Relationship to Other ADRs

  • ADR-003 (Azure-preferred, vendor-agnostic): K8s manifests are cloud-agnostic per PSX ADR-085. Only the AKS provisioning script is Azure-coupled.
  • ADR-005 (database-per-tenant): Tenant isolation is within SQL MI, independent of K8s namespace topology.
  • ADR-013 (identity strategy): This ADR resolves ADR-013's open question — PSSaaS uses platform Keycloak in pss-platform.
  • ADR-014 (backend language divergence): Separate runtimes (.NET vs Python) live in separate namespaces. No conflict.
  • ADR-016 (Nginx proxy): Local Docker Compose proxy continues to work. K8s ingress handles the same routing in cloud environments.
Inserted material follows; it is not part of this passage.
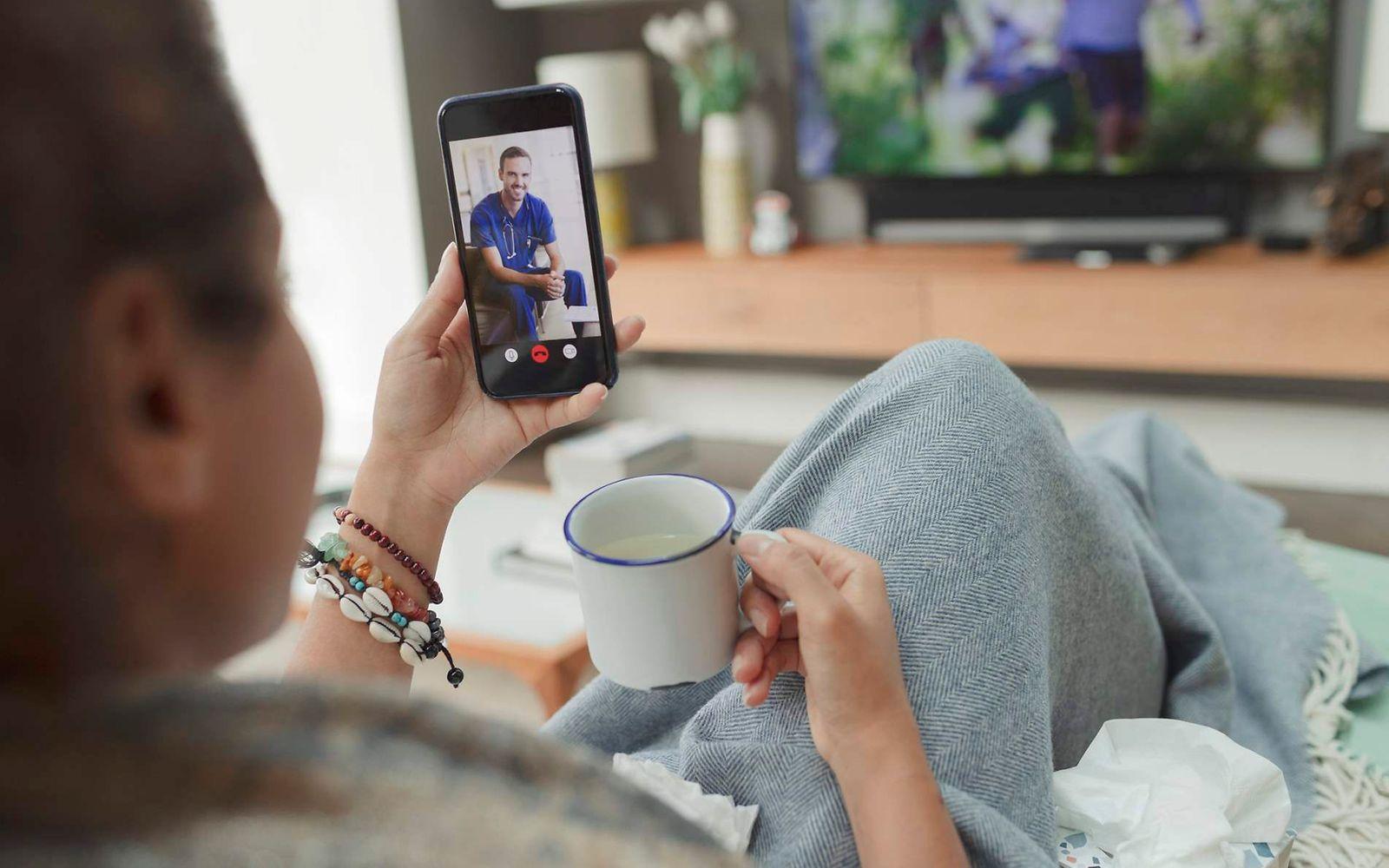 Bild: Frau sitzt auf dem Sofa zuhause und nutzt die Videosprechstunde.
  • ADR-017 (ecosystem hostnames): Staging hostname pssaas.staging.powerseller.com follows the established pattern.
  • ADR-018 (local SQL Server): SQL Server container moves from Docker Compose to pssaas-dev K3s namespace in Phase 2.
  • ADR-019 (PSX-to-SaaS BestEx integration): Cross-namespace K8s DNS enables the integration without public internet.
  • PSX ADR-085 (cloud infrastructure): PSSaaS is the pssaas-* namespace anticipated in that decision.